Ingest data as semi-structured variant type
Important
This feature is in Public Preview.
In Databricks Runtime 15.3 and above, you can use the VARIANT
type to ingest semi-structured data. This article describes behavior and provides example patterns for ingesting data from cloud object storage using Auto Loader and COPY INTO
, streaming records from Kafka, and SQL commands for creating new tables with variant data or inserting new records using the variant type.
See Query variant data.
Create a table with a variant column
VARIANT
is a standard SQL type in Databricks Runtime 15.3 and above and supported by tables backed by Delta Lake. Managed tables on Azure Databricks use Delta Lake by default, so you can create an empty table with a single VARIANT
column using the following syntax:
CREATE TABLE table_name (variant_column VARIANT)
Alternately, you can use the PARSE_JSON
function on a JSON string to use a CTAS statement to create a table with a variant column. The following example creates a table with two columns:
- The
id
column extracted from the JSON string as aSTRING
type. - The
variant_column
column contains the entire JSON string encoded asVARIANT
type.
CREATE TABLE table_name AS
SELECT json_string:id AS id,
PARSE_JSON(json_string) variant_column
FROM source_data
Note
Databricks recommends extracting and storing fields as non-variant columns that you plan to use to accelerate queries and optimize storage layout.
VARIANT
columns cannot be used for clustering keys, partitions, or Z-order keys. The VARIANT
data type cannot be used for comparisons, grouping, ordering, and set operations.
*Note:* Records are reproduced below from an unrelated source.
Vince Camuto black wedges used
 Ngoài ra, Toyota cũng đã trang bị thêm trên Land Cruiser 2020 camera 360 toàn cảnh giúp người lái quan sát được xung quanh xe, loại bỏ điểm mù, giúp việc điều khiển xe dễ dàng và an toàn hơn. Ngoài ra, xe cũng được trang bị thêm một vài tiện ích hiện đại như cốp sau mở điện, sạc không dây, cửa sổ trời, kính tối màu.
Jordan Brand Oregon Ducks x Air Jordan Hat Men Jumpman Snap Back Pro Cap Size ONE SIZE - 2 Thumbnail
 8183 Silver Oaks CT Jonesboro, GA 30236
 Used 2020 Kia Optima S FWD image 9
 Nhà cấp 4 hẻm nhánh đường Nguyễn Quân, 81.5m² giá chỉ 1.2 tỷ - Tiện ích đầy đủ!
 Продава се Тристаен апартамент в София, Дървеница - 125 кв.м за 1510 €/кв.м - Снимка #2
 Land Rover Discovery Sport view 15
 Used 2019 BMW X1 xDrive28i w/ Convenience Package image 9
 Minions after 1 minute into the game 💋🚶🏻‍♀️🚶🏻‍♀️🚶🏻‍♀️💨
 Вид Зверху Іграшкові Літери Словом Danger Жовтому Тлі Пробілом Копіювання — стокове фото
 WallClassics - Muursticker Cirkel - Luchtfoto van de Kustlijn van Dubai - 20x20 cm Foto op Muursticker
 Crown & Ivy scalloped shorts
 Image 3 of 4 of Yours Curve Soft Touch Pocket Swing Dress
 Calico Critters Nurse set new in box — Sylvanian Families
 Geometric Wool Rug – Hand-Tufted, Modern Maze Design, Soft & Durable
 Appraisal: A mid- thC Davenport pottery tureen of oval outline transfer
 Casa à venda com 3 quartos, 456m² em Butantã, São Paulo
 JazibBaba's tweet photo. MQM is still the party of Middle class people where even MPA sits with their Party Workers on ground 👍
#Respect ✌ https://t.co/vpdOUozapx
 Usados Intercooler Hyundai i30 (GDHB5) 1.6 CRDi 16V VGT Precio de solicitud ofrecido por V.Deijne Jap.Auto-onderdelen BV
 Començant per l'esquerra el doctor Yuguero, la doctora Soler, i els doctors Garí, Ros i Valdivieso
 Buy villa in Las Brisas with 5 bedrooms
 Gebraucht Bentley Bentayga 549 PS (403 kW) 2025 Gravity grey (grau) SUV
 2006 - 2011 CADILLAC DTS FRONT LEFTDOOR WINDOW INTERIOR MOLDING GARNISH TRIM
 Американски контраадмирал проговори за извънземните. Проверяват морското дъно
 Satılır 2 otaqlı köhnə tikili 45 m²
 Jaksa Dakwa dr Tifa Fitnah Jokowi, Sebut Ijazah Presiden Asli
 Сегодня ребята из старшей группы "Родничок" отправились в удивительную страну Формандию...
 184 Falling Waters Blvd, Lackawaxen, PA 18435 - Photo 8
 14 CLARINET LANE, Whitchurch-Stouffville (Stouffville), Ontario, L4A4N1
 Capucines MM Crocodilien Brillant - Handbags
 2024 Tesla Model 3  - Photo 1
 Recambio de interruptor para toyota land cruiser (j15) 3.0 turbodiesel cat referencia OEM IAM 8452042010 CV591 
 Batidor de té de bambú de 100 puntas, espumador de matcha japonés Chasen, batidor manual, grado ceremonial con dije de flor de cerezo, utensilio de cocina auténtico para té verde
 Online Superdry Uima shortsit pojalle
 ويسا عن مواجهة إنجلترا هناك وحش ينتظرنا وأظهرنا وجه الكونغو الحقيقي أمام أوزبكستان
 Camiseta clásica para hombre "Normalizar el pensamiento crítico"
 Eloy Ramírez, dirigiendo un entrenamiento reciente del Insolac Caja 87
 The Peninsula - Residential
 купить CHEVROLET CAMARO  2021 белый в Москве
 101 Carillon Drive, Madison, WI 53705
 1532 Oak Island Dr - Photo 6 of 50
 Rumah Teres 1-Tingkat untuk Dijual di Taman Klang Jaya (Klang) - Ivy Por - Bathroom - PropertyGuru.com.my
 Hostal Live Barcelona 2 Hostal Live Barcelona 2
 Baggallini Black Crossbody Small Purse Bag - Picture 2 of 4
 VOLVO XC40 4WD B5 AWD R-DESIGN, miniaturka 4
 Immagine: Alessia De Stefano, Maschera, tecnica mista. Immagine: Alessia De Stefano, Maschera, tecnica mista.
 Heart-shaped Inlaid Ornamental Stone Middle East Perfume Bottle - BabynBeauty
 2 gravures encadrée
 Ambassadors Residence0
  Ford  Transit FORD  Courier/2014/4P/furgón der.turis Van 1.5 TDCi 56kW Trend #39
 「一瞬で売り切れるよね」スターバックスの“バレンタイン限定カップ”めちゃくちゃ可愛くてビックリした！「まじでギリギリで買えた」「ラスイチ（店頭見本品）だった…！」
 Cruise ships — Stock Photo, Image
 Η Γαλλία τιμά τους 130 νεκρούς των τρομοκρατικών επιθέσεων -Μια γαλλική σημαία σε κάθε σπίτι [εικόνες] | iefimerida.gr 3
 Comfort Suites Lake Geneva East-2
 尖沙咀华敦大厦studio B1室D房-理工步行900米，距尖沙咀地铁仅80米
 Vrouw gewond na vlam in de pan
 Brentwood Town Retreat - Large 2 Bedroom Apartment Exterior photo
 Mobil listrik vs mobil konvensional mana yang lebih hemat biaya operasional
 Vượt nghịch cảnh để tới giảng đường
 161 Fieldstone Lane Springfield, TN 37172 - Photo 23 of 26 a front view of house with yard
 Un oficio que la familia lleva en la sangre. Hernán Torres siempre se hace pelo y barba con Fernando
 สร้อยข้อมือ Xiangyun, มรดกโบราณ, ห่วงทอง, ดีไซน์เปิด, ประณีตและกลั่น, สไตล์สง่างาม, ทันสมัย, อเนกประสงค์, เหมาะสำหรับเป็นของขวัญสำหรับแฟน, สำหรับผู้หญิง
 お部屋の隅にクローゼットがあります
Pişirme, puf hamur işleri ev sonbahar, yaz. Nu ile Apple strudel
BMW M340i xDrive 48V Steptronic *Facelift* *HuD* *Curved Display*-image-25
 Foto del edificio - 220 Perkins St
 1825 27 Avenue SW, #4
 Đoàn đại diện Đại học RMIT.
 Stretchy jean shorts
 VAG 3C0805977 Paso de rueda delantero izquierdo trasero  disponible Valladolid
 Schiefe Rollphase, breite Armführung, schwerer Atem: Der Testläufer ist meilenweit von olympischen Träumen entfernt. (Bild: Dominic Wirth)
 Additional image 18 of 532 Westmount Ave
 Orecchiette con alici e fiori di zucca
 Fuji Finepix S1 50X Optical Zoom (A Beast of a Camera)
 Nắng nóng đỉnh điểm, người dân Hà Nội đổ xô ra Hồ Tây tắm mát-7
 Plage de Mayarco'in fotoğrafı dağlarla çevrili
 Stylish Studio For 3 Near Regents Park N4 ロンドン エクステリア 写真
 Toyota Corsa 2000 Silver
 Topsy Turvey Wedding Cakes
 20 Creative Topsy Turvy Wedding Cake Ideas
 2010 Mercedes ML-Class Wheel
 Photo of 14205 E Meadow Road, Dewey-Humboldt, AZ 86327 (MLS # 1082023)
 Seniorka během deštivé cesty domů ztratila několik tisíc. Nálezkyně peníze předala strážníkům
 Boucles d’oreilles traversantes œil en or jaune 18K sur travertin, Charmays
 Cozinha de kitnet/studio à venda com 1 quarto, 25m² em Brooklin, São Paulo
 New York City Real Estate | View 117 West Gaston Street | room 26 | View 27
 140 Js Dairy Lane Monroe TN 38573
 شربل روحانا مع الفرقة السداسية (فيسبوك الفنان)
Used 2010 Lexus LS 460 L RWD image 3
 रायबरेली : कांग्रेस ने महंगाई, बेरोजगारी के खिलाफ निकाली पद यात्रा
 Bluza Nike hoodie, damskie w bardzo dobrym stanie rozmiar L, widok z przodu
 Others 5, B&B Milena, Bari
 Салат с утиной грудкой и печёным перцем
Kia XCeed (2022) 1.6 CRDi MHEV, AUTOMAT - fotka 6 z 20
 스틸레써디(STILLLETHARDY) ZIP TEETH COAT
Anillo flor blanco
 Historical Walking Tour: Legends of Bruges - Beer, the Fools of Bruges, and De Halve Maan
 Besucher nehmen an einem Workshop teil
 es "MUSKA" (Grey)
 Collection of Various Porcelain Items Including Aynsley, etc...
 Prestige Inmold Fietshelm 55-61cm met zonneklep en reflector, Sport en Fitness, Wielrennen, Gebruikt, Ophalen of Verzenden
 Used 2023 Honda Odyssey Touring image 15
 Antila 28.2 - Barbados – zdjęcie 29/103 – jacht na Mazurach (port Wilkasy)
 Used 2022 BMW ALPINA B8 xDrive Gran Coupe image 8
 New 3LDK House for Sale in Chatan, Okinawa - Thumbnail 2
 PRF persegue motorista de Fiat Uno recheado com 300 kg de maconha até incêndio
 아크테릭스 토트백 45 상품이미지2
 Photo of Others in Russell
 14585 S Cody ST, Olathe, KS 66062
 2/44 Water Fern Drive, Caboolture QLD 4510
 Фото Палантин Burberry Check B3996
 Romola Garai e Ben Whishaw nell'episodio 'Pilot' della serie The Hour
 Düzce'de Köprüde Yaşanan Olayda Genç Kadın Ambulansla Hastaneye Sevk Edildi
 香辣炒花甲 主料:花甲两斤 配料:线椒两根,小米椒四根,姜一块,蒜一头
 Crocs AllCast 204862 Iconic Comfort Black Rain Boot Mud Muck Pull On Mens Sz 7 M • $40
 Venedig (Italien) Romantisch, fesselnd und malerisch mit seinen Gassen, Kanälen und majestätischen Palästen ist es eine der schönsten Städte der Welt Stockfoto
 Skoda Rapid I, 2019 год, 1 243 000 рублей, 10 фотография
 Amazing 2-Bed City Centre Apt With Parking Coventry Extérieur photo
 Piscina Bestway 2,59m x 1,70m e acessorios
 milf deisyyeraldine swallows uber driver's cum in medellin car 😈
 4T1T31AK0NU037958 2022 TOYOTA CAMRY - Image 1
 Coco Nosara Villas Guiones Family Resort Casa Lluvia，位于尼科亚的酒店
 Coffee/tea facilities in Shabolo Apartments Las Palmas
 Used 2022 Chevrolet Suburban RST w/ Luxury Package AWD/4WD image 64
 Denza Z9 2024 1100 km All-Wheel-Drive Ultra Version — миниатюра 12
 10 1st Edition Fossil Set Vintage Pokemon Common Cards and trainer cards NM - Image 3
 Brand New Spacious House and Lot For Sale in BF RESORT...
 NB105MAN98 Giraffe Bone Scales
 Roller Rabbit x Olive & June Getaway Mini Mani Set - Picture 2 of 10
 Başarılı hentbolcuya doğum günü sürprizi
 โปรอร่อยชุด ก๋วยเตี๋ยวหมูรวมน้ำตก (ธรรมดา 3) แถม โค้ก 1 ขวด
For a full list of limitations, see Limitations.
Insert data using parse_json
If the target table already contains a column encoded as VARIANT
, you can use parse_json
to insert JSON string records as VARIANT
, as in the following example:
SQL
INSERT INTO table_name (variant_column)
SELECT PARSE_JSON(json_string)
FROM source_data
Python
from pyspark.sql.functions import col, parse_json
(spark.read
.table("source_data")
.select(parse_json(col("json_string")))
.write
.mode("append")
.saveAsTable("table_name")
)
Ingest data from cloud object storage as variant
In Databricks Runtime 15.3 and above, you can use Auto Loader to load all data from JSON sources as a single VARIANT
column in a target table. Because VARIANT
is flexible to schema and type changes and maintains case sensitivity and NULL
values present in the data source, this pattern is robust to most ingestion scenarios with the following caveats:
- Malformed JSON records cannot be encoded using
VARIANT
type. VARIANT
type can only hold records up to 16mb in size.
Note
Variant treats overly large records records similar to corrupt records. In the default PERMISSIVE
processing mode, overly large records are captured in the _malformed_data
column alongside malformed JSON records.
Because all data from the JSON source is recorded as a single VARIANT
column, no schema evolution occurs during ingestion and rescuedDataColumn
is not supported. The following example assumes that the target table already exists with a single VARIANT
column.
(spark.readStream
.format("cloudFiles")
.option("cloudFiles.format", "json")
.option("singleVariantColumn", "variant_column")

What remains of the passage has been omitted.